Bernhard Riemann (not a physicist) is generally credited with founding the mathematics of curved space ("Riemannian Geometry") which some decades later provided the mathematical framework of General Relativity. It is less known that near the end (III §3) of his famous habilitation lecture Ueber die Hypothesen, welche der Geometrie zu Grunde liegen (held June 10, 1854, first published in 1868) he writes

Die Fragen über das Unmessbargrosse sind für die Naturerklärung müssige Fragen. Anders verhält es sich aber mit den Fragen über das Unmessbarkleine. Auf der Genauigkeit, mit welcher wir die Erscheinungen in's Unendlichkleine verfolgen, beruht wesentlich die Erkenntniss ihres Causalzusammenhangs.

[...]

Nun scheinen aber die empirischen Begriffe, in welchen die räumlichen Massbestimmungen gegründet sind, der Begriff des festen Körpers und des Lichtstrahls, im Unendlichkleinen ihre Gültigkeit zu verlieren; es ist also sehr wohl denkbar, dass die Massverhältnisse des Raumes im Unendlichkleinen den Voraussetzungen der Geometrie nicht gemäss sind, und dies würde man in der That annehmen müssen, sobald sich dadurch die Erscheinungen auf einfachere Weise erklären liessen.
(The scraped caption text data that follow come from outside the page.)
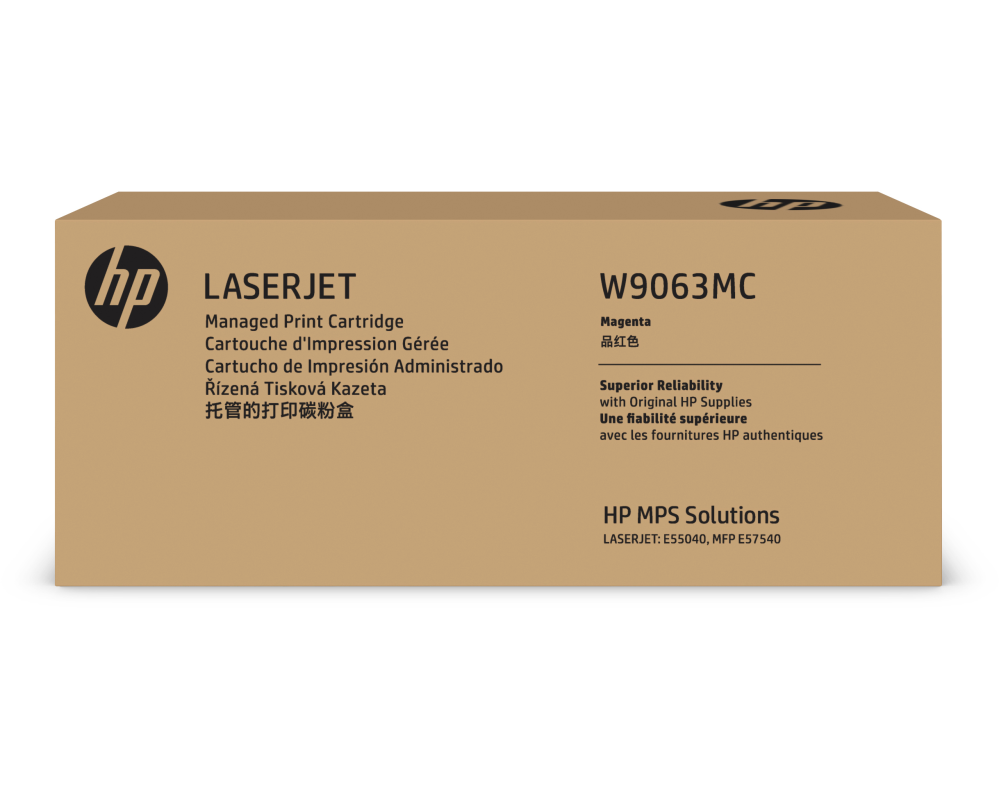 HP Toner-Modul Contract magenta W9063MC CLJ Managed E55040 12'200 S.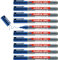 edding 361 Whiteboardmarker - blau - 10 Whiteboard Stifte - Rundspitze 1 mm - Boardmarker abwischbar - für Whiteboard, Flipchart, Magnettafel, Pinnwand, Memoboard - Sketchnotes - nachfüllbar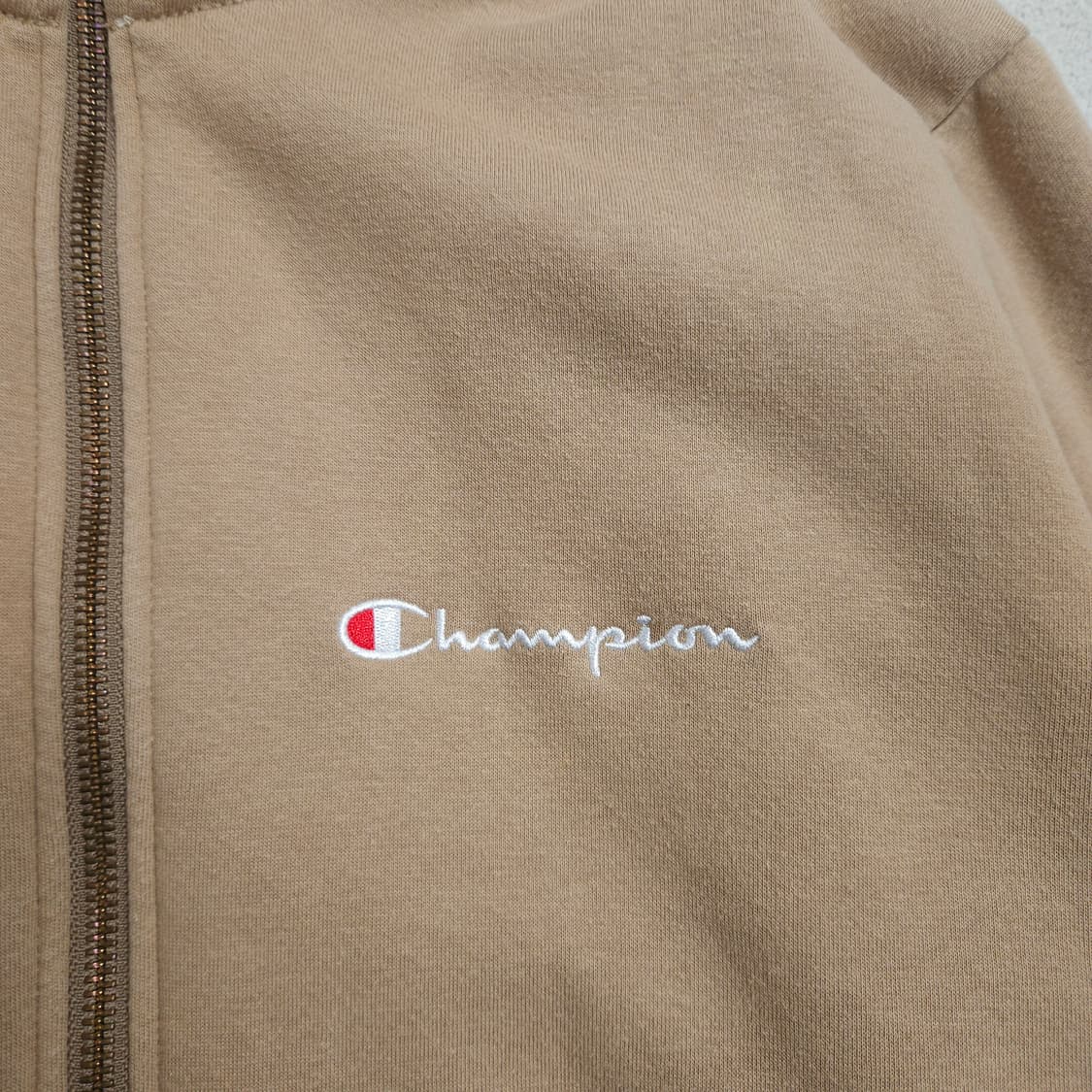 챔피온 투웨이 지퍼 쉐르파 후드 집업 XL 상품이미지5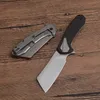 KS 3455 Assisted Assisted Fast Open Flipper складной нож 8CR13MOV Coney Wash Tanto Point Blade Black G10 + стальная ручка с розничной коробкой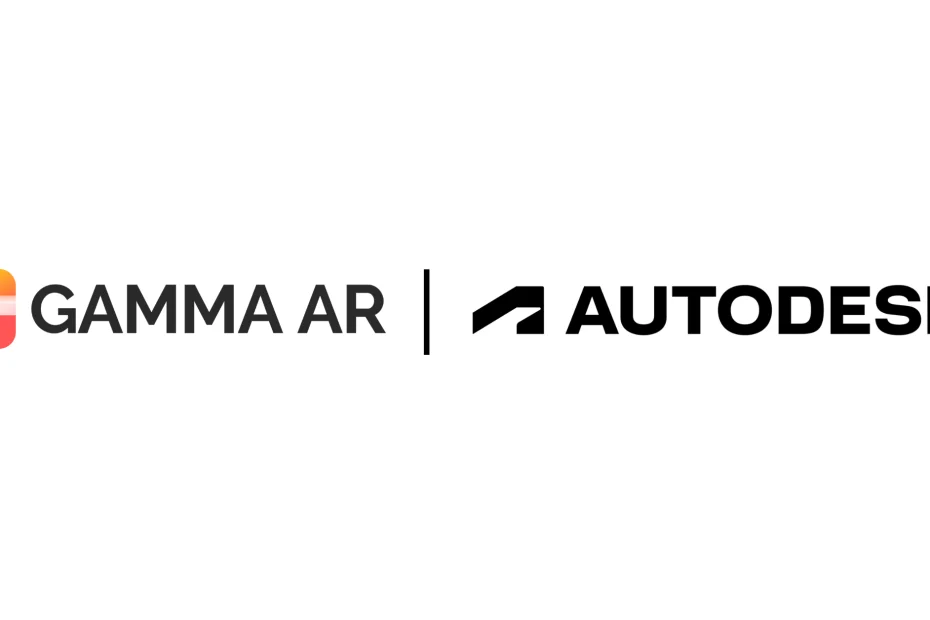 Autodesk and GAMMA AR logos for Press release about progress tracking integration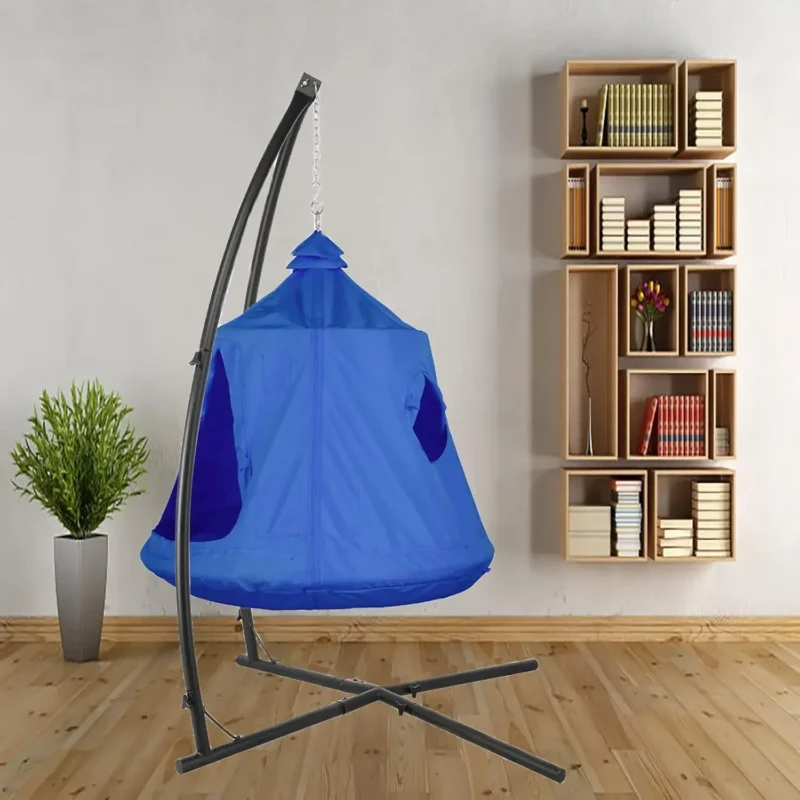 Children's Hanging Hammock Chair with X-Stand - For Indoor & Outdoor Play - Image 6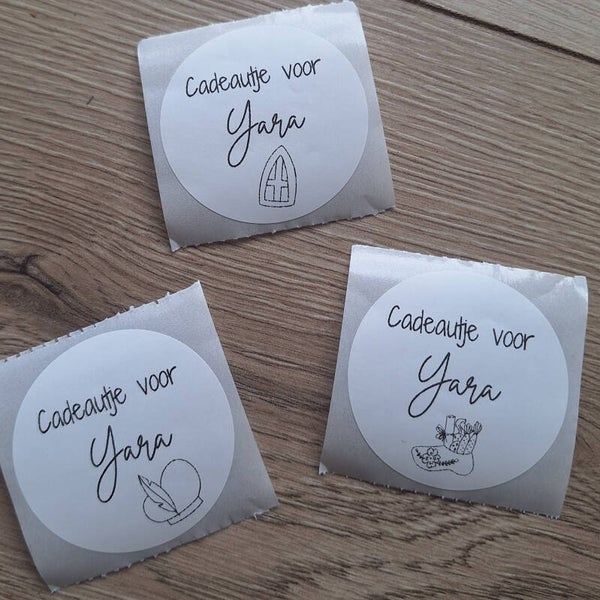 Sticker met naam - Sinterklaas 10stuks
Die Frage über die Gültigkeit der Voraussetzungen der Geometrie im Unendlichkleinen hängt zusammen mit der Frage nach dem innern Grunde der Massverhältnisse des Raumes. Bei dieser Frage, welche wohl noch zur Lehre vom Raume gerechnet werden darf, kommt die obige Bemerkung zur Anwendung, dass bei einer discreten Mannigfaltigkeit das Princip der Massverhältnisse schon in dem Begriffe dieser Mannigfaltigkeit enthalten ist, bei einer stetigen aber anders woher hinzukommen muss. Es muss also entweder das dem Raume zu Grunde liegende Wirkliche eine discrete Mannigfaltigkeit bilden, oder der Grund der Massverhältnisse ausserhalb, in darauf wirkenden bindenen Kräften, gesucht werden.

Translation (based on the one by William Cifford)
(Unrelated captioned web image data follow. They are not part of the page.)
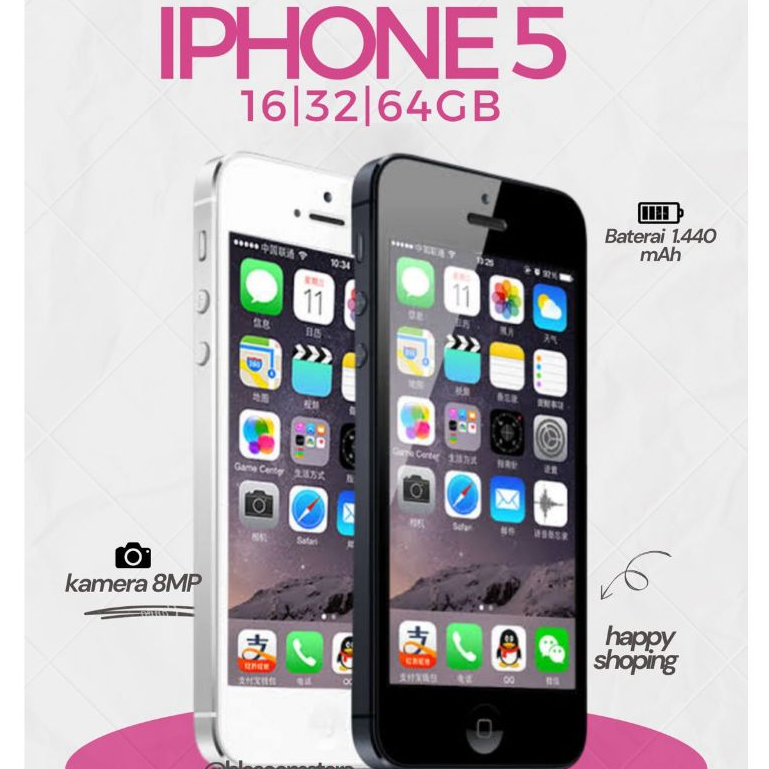 hp iphone 5 second original ip 5 , wifi onlly harga murah meriah kualitas aman..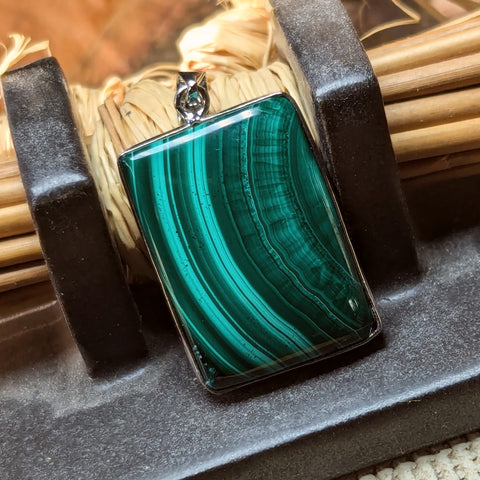 Malachite Pendant~JSTMAL07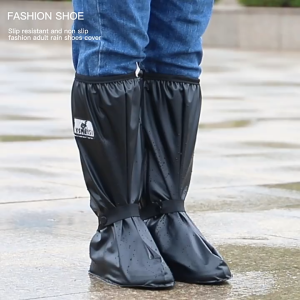 KS Fitness Rain-proof shoe cover waterproof rainy day non-slip thickened wear-resistant outdoor sand-proof high-tube riding men and women snow-proof and rain-proof boots cover
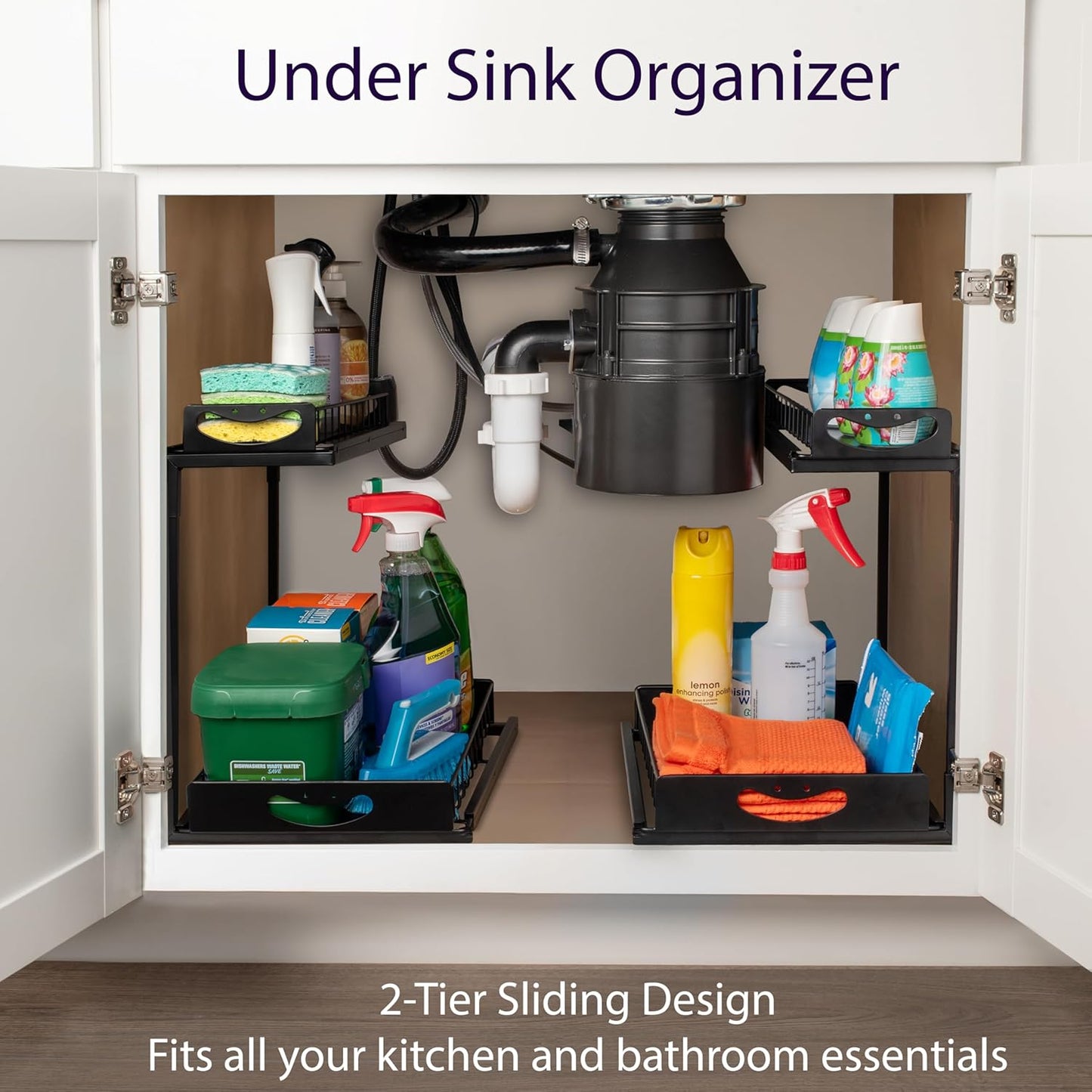 Under Sink Organizer, Pull Out Cabinet Organizer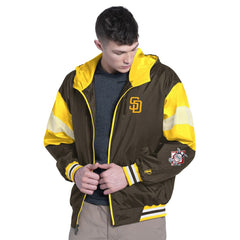 San Diego Padres Pro Player Legacy Lightweight Full-Zip Hooded Jacket - MLB Jackets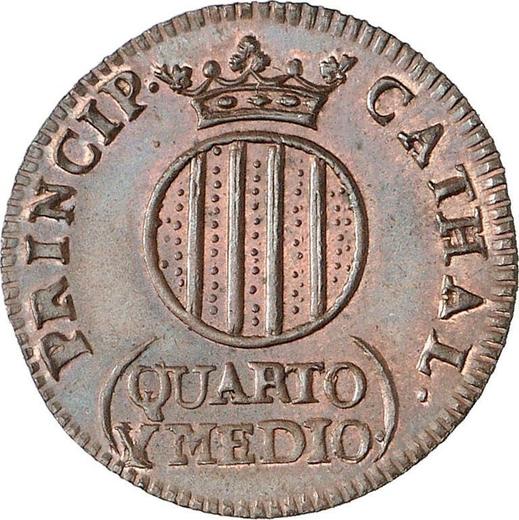 Reverso 1 1/2 cuarto 1811 "Cataluña" - valor de la moneda  - España, Fernando VII
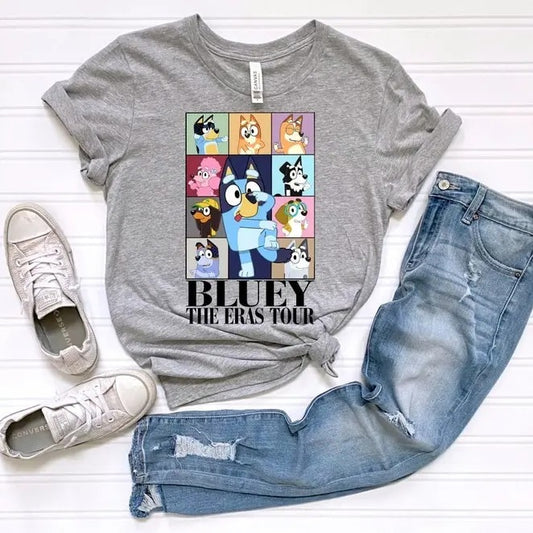 Blue Dog Eras Tour Shirt | Midnights Blue Dog Friends Shirt | Blue The Eras Tour tshirt | Blue Family Shirt Hoodie,...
The questions about the immeasurably great are for the interpretation of nature useless questions. But this is not the case with the questions about the immeasurably small. It is upon the exactness with which we follow phenomena into the infinitely small that our knowledge of their causal relations essentially depends.

[...]

Now it seems that the empirical notions on which the metrical determinations of space are founded, the notion of a solid body and of a ray of light, cease to be valid for the infinitely small. We are therefore quite at liberty to suppose that the metric relations of space in the infinitely small do not conform to the hypotheses of geometry; and we ought in fact to suppose it, if we can thereby obtain a simpler explanation of phenomena.
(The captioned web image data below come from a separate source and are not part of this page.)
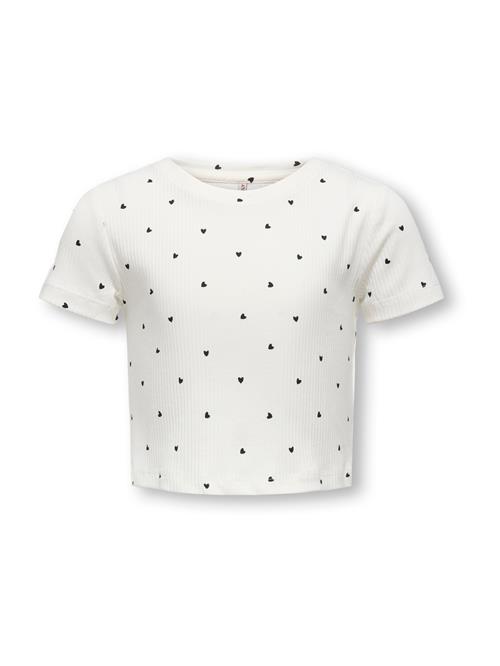 Se ONLY GIRLS Bluser & t-shirts 'KOGBella'  sort / hvid ved About You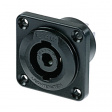 NLT4MP-BAG Built-in plugs Speakon stx black, 4 poles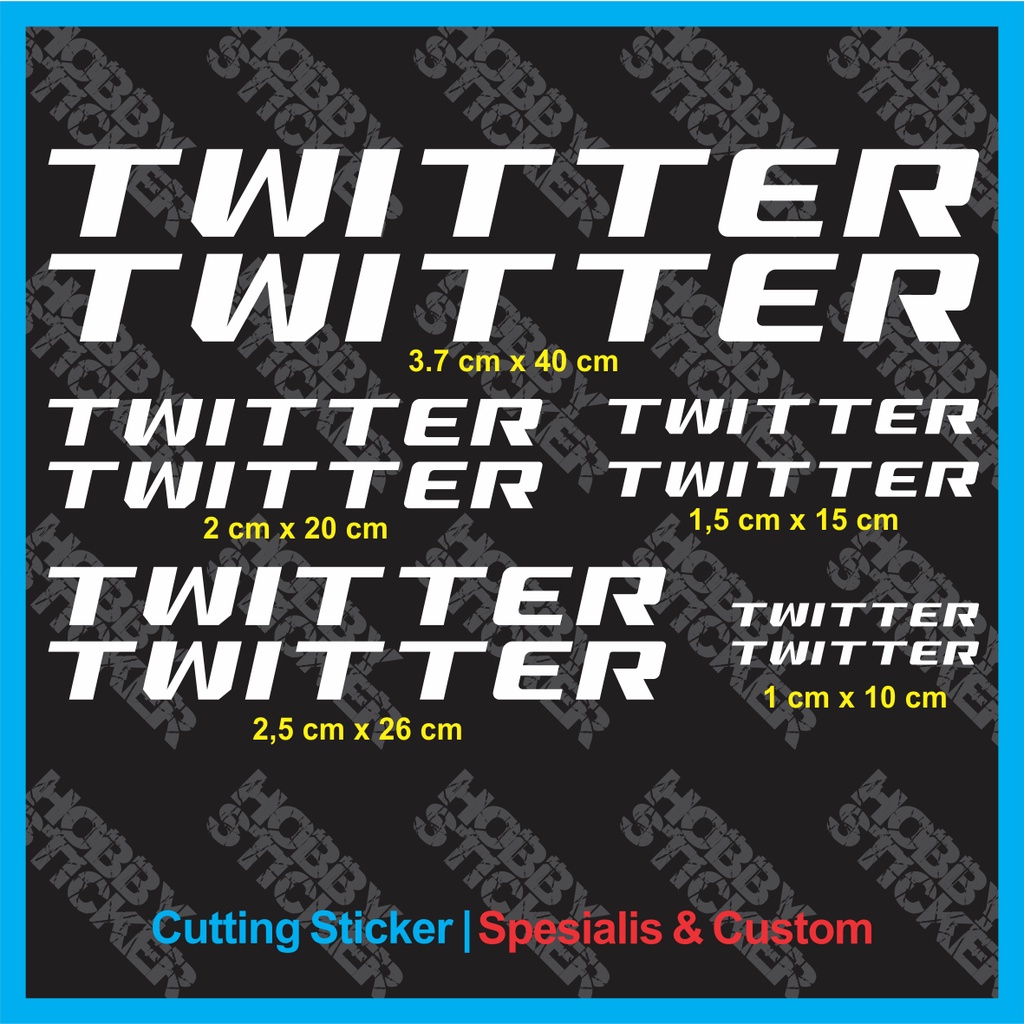 Decal Frame TWITTER Sticker MTB Stiker Sepeda Custom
The question of the validity of the hypotheses of geometry in the infinitely small is bound up with the question of the ground of the metric relations of space. In this last question, which we may still regard as belonging to the doctrine of space, is found the application of the remark made above; that in a discrete manifoldness, the ground of its metric relations is given in the notion of it, while in a continuous manifoldness, this ground must come from outside. Either therefore the reality which underlies space must form a discrete manifoldness, or we must seek the ground of its metric relations outside it, in binding forces which act upon it.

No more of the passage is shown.